The program provides consistent rules throughout the district and reinforces positive behaviors by students.

In order to have good learning environments, “we have to get the behaviors under control,” Crim Principal Melanie Garbig said during a recent board of education meeting.

Each school in the district has a PBIS team, spearheaded by the guidance counselors, with the goal to have the program fully implemented next year. The program reinforces the same expectations to all students – from preschoolers to seniors. Students are reminded to be responsible for themselves, respectful of others, and safe in their schools. That common language will follow the students every year of school.

“Those expectations are going to be the same,” Garbig said. “I think it’s going to make a difference.”

The PBIS program focuses on positive reinforcement. Students caught being good are given “pride” slips. “Pride” postcards signed by teachers, are addressed to children and mailed to their homes.

“It’s a way to celebrate the positive behaviors,” said teacher Stacey Higgins.

Posters stating expectations of students are placed around the school, defining good behavior in the hallways, cafeteria, playground, bus, or during assemblies.

To trick is to make it fun to behave.
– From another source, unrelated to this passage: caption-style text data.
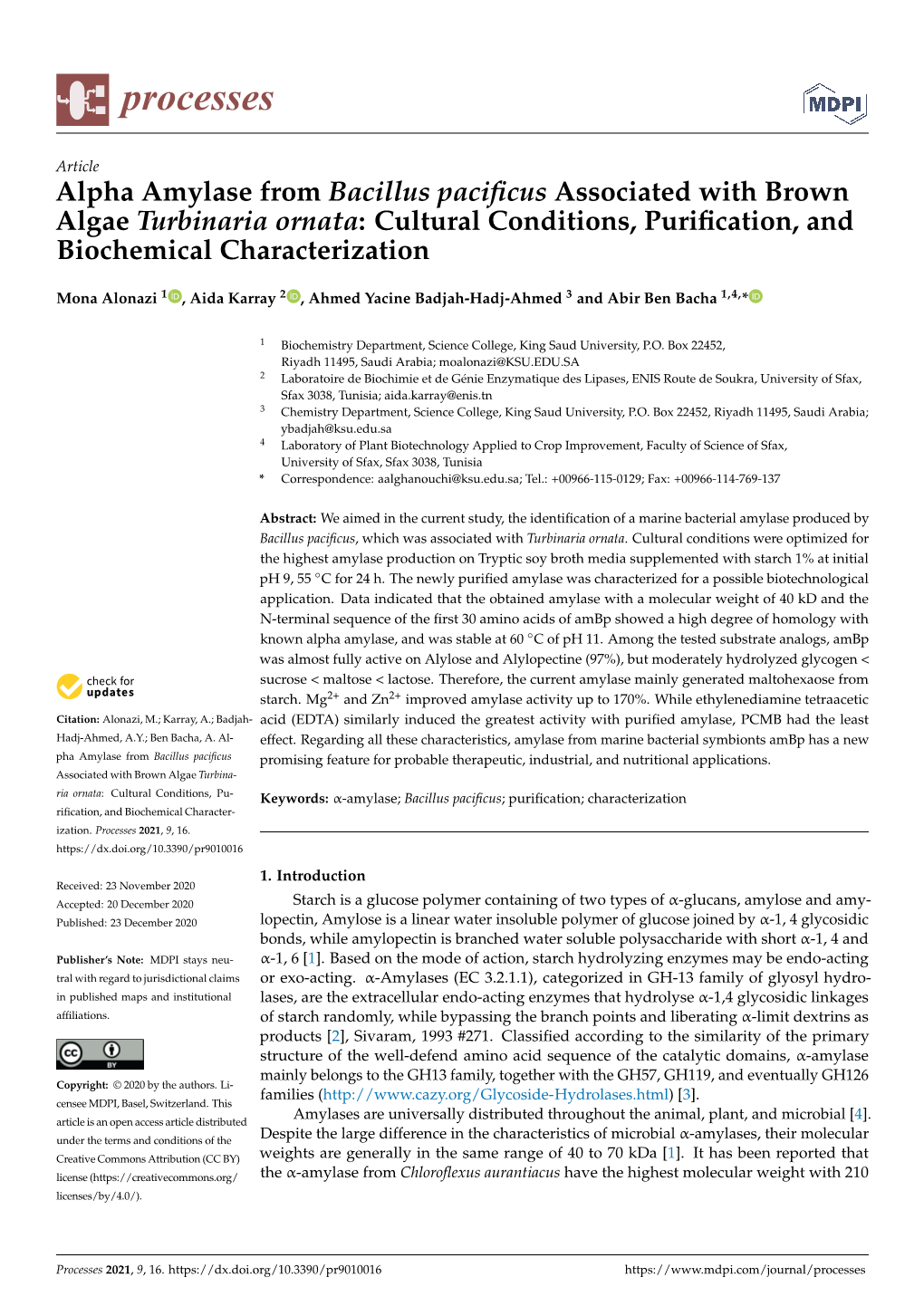 Alpha Amylase from Bacillus Pacificus Associated with Brown Algae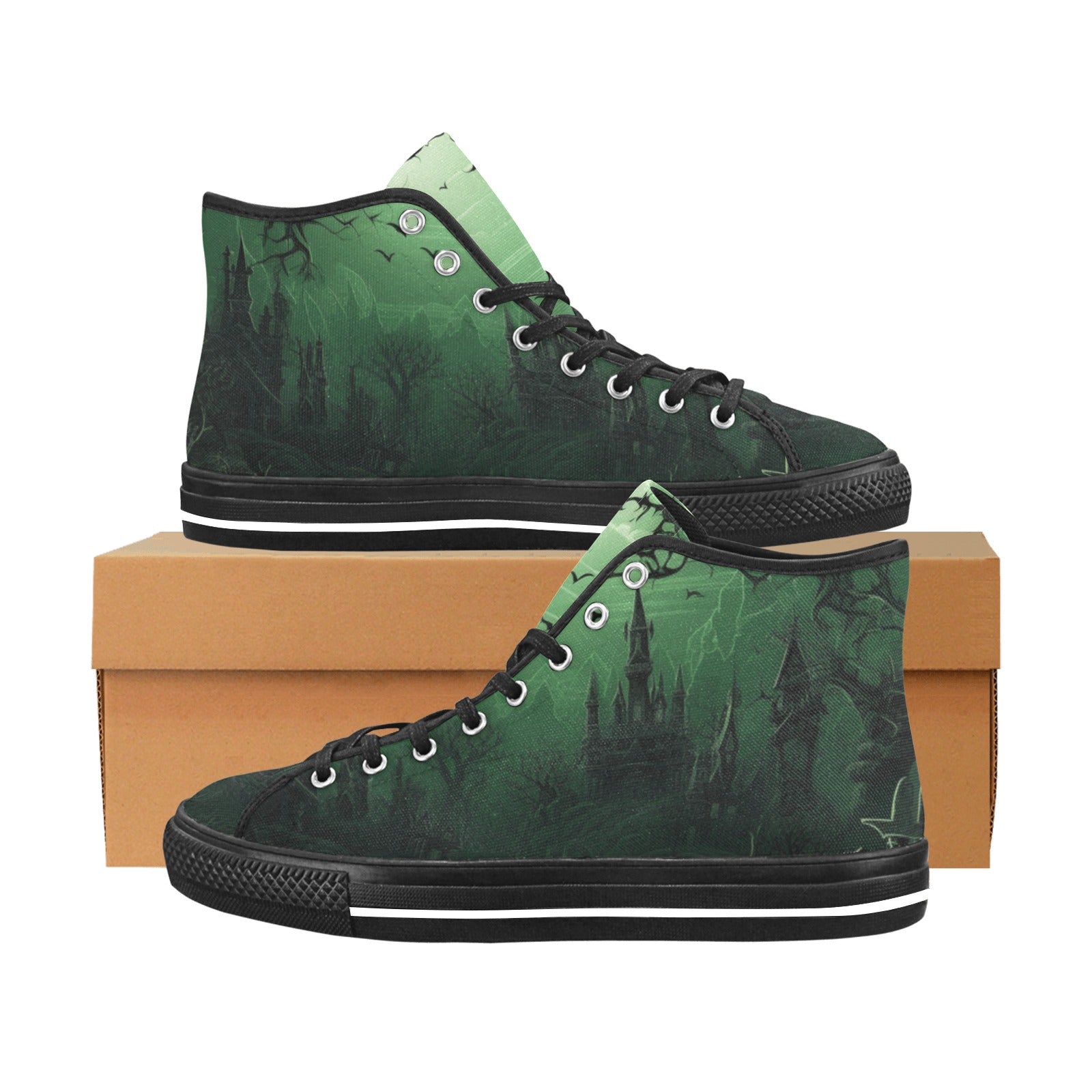 Halloween Pattern Black Green Vancouver High Top Canvas Women's Shoes - Cranberry Lake Design Co.  #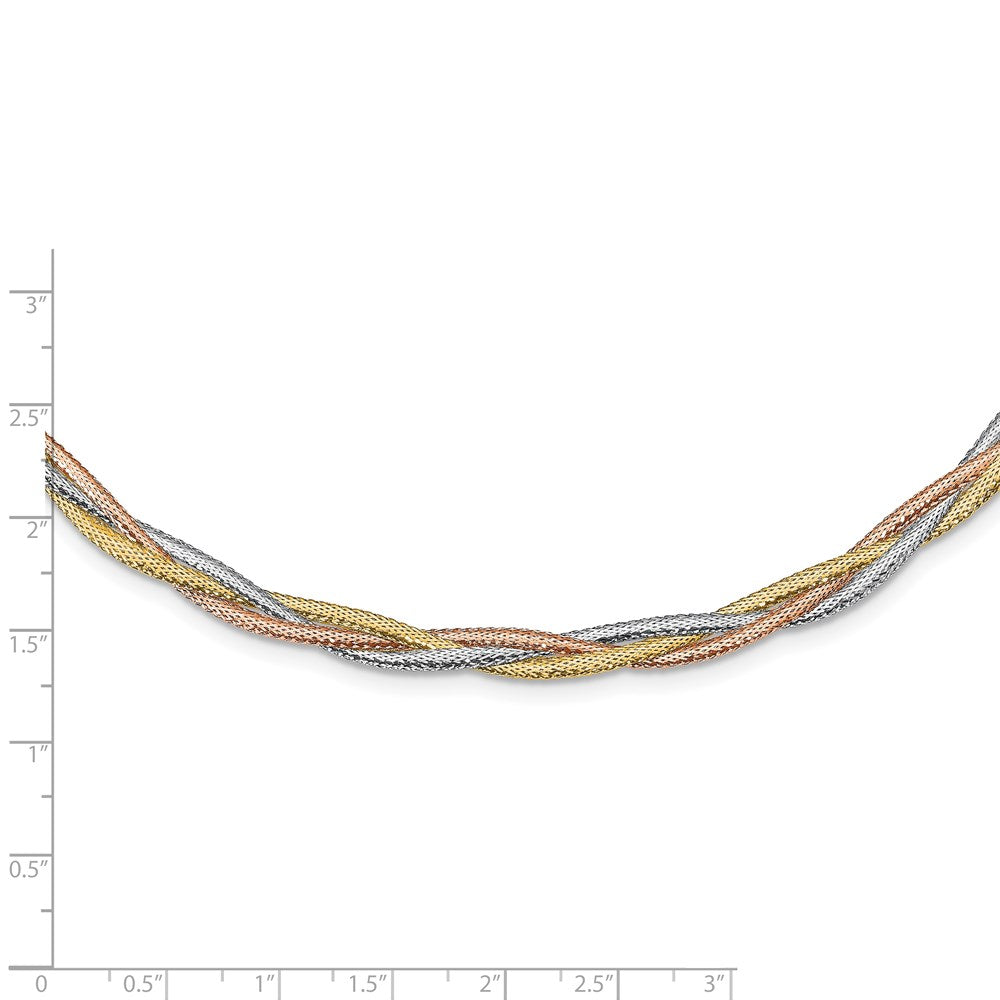 14K Yellow & Rhodium Wht Rhodium/Rose Gold Plat Polished Mesh Necklace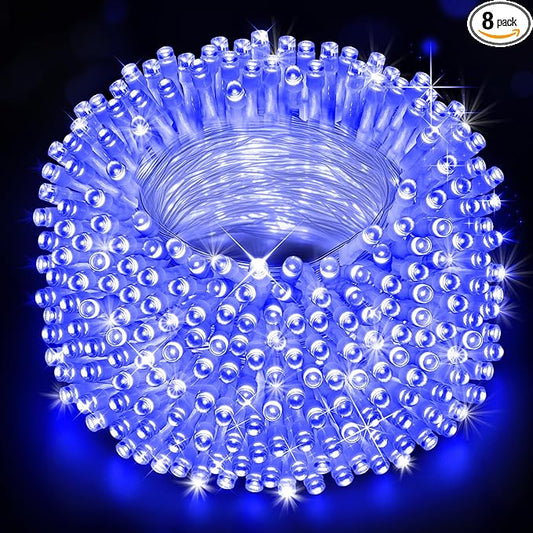 Heceltt Christmas Lights Outdoor, 403FT 1000 LED String Lights 8 Modes and Timer Memory Function Twinkle Fairy Lights IP44 Waterproof Plug in for Xmas Tree Wedding Party Holiday Decor(Blue)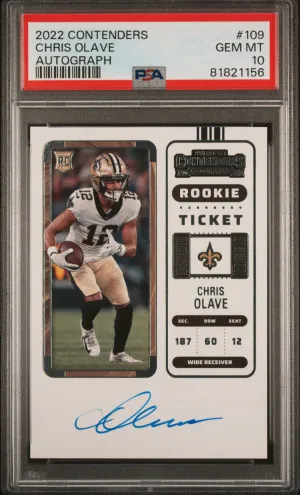 2022 Chris Olave Contenders Rookie Auto PSA 10 front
Crim staff and students made a video showing examples of bad and good behavior. The twist was that the teachers were the ones misbehaving, and the students were schooling them.

The video shows teachers messing around during lunch, running in the halls, banging on bathroom doors, throwing items in the classroom, and climbing around the seats on the bus. The students then get their turn of exhibiting the right way to behave in each setting.

“Obviously there’s more to education than reading and writing,” said school board member Paul Walker.